Dunia luar memperkirakan bahwa “troika” atau tiga serangkai yang diharapkan untuk menggerakan pertumbuhan ekonomi Tiongkok yakni bidang investasi, ekspor, dan konsumsi, saat ini sedang mengalami perlambatan. Jarang sekali Li Keqiang mau mengungkapkan realitas kemerosotan ekonomi Tiongkok yang tampaknya sudah benar-benar dalam kesulitan.

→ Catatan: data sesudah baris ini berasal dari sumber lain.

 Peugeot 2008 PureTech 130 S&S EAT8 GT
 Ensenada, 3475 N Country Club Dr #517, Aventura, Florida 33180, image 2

Menurut data yang dirilis oleh Biro Statistik Nasional dan unit lainnya pada 31 Agustus, keseluruhan indikator ekonomi Tiongkok, Purchasing Managers’ Index -PMI- turun menjadi 49,5 pada bulan Agustus, lebih rendah dari perkiraan pasar yang 49,7, berada di bawah angka 50 yang merupakan indikator stabil berarti pertumbuhan minus dan tidak diharapkan pasar.

Pada bulan Agustus, Industrial added value untuk perusahaan industri di atas ukuran meningkat sebesar 4,4% Year over Year. Namun, menjadi pertumbuhan yang terendah dalam 17 tahun terakhir (sejak bulan Februari 2002), dan tingkat pertumbuhan tersebut lebih rendah 0,4 % dari bulan Juli.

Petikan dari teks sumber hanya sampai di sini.